Le Web 2.0 & le secteur immobilier

Rien de nouveau : toutes les nouvelles technologies ont modifié la façon dont on accède à l’information. Le domaine de l’immobilier a lui aussi du s’accommoder et s’est donc transformé au cours des dernières années, pour devenir un secteur innovant, intégrant tous les nouveaux outils collaboratifs , et facilitant largement la recherche et l’achat de propriétés.

Il est vrai qu’aujourd’hui nous avons accès à l’information à n’importe quel moment, à n’importe quel endroit et avec énormément d’outils différents.
Les courtiers immobiliers étant constamment sur la route, peuvent vendre plus rapidement et plus simplement.
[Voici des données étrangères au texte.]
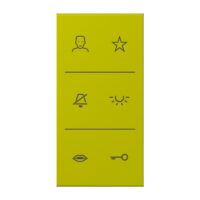 Jung SI V6 LC DC 249 Design-Cover Video 3f F50 Serie LS vert olive vif (4320F)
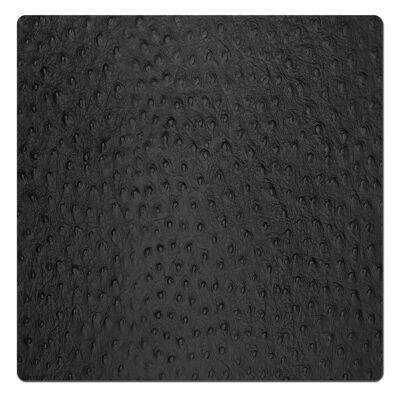 TOVAGLIETTE TAPPETINI D'ARREDO 45x45 cm pezzo singolo FASHION STRUZZO - NERO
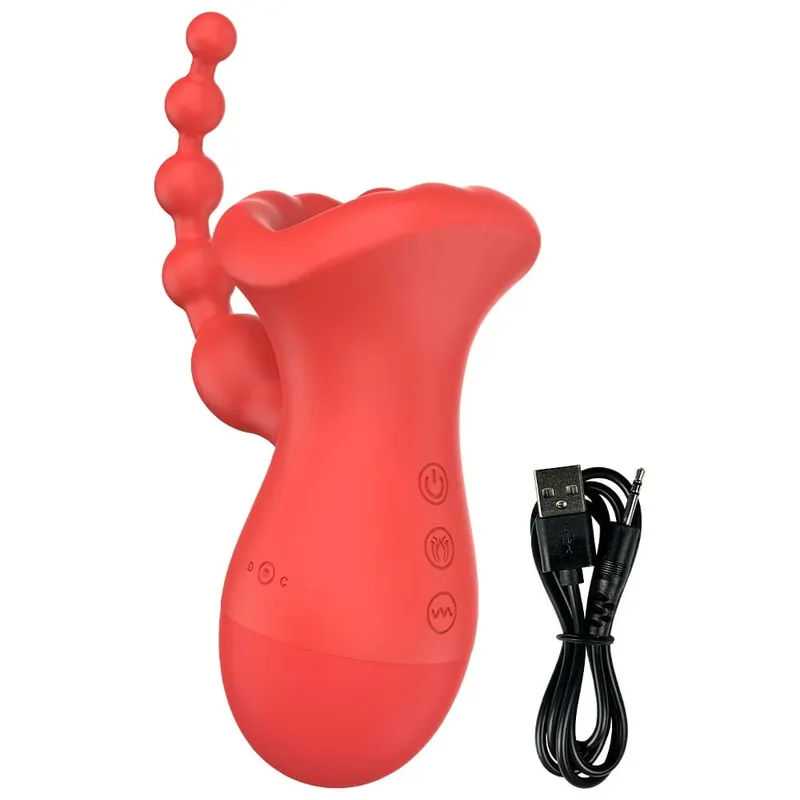Sex Toys Sucking Vibrator with Tongue Licking Clitoris Sucker Female Clitoral G Spot Nipple Stimulator Vibrators for Woman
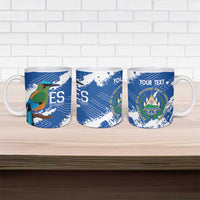 El Salvador Football Custom Ceramic Mug La Selecta Torogoz Grunge Style - Wonder Print Shop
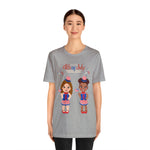 Celebrate With Us Patriotic Girls 4th of July Short Sleeve T-Shirt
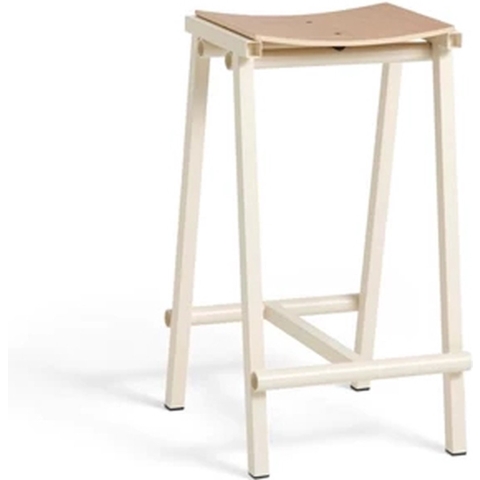 Hay Taburete 8 Barkruk H65 Gelakt Eiken Eggshell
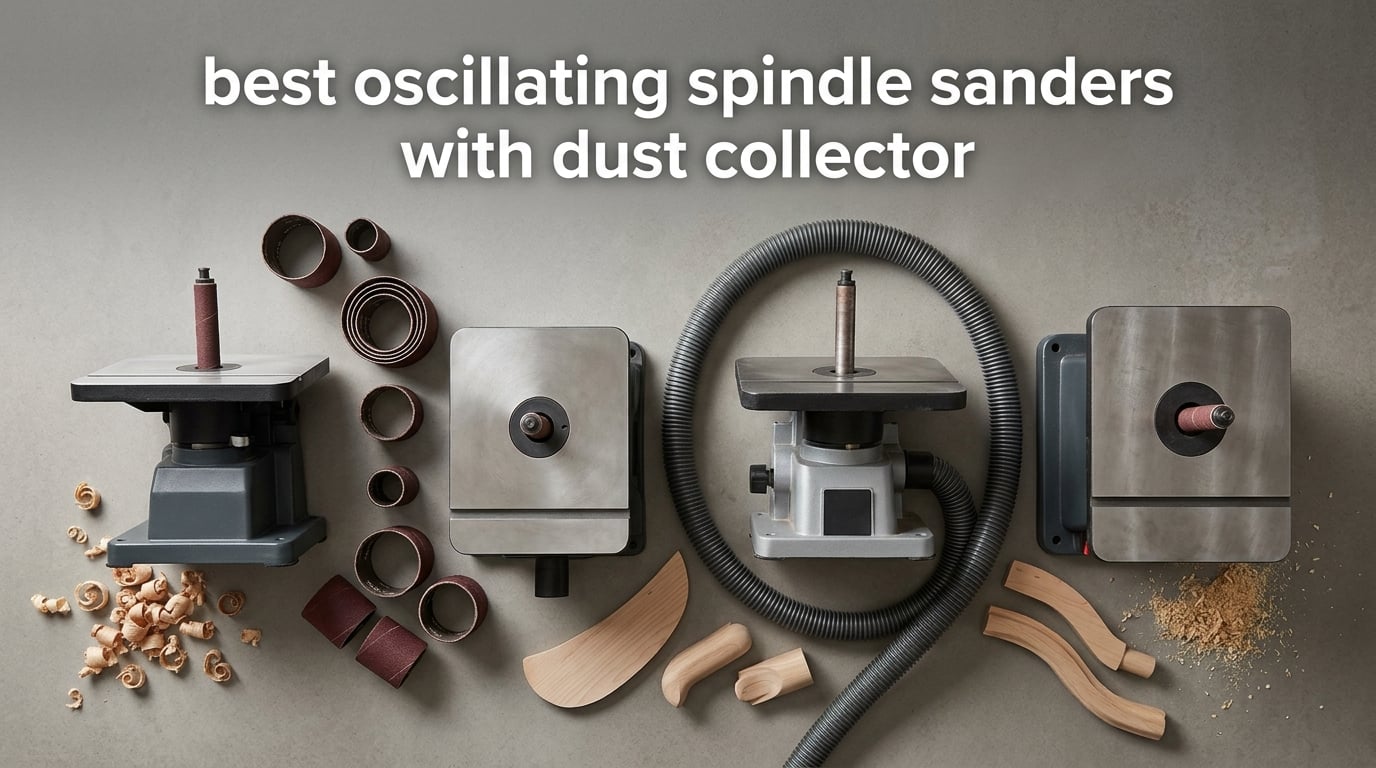 best oscillating spindle sanders with dust collector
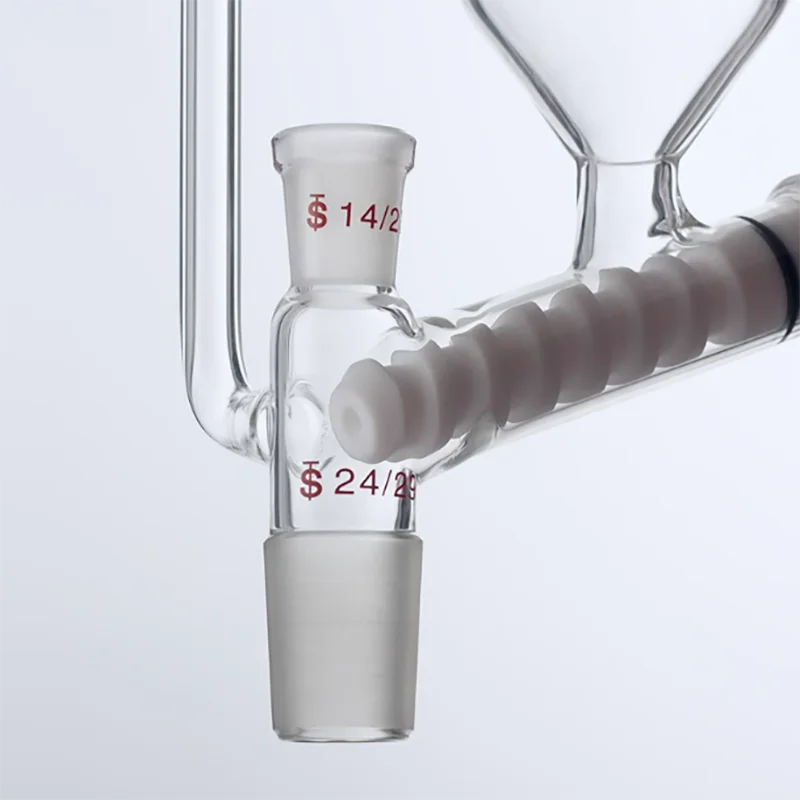 Powder feeding cylindrical funnel 100/250ml upper and lower grinding mouth 24# standard mouth high borosilicate thickening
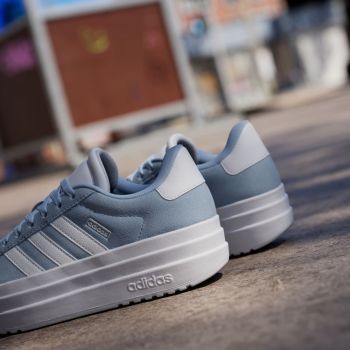 Кеди для дівчаток Adidas Vl Court Bold J JI1018 37 1/3 (4,5 UK) блакитні (4067904372769) | Фото 11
Mais les consommateurs ont maintenant eux-aussi accès à toute l’information et peuvent faire leurs recherches par eux-mêmes. Les maisons de courtage n’ont maintenant plus le choix de développer des versions mobiles de leur site, c’est devenu la norme.
C’est grâce aux outils collaboratifs que l’on accède à des plateformes de partage d’information. Celles si permettent d’effectuer des transactions en un instant, plus simplement et de manière plus limpide, donc plus rassurante pour les consommateurs.

Les applications

Peu importe le pays ou vous êtes, il y a un intérêt grandissant pour toutes les applications et plateformes 2.0 liées à l’immobilier : les consommateurs ont ainsi l’embarras du choix quand il s’agit d’effectuer des recherches de maisons.
Des applications telles que Realtor, Zillow et Trulia proposent des bases de données immenses de propriétés à vendre aux États-Unis. Ces applications ultra complètes permettent de segmenter selon vos critères. Vous pouvez également y trouver plusieurs conseils, des outils de calculs, un répertoire d’agents immobiliers.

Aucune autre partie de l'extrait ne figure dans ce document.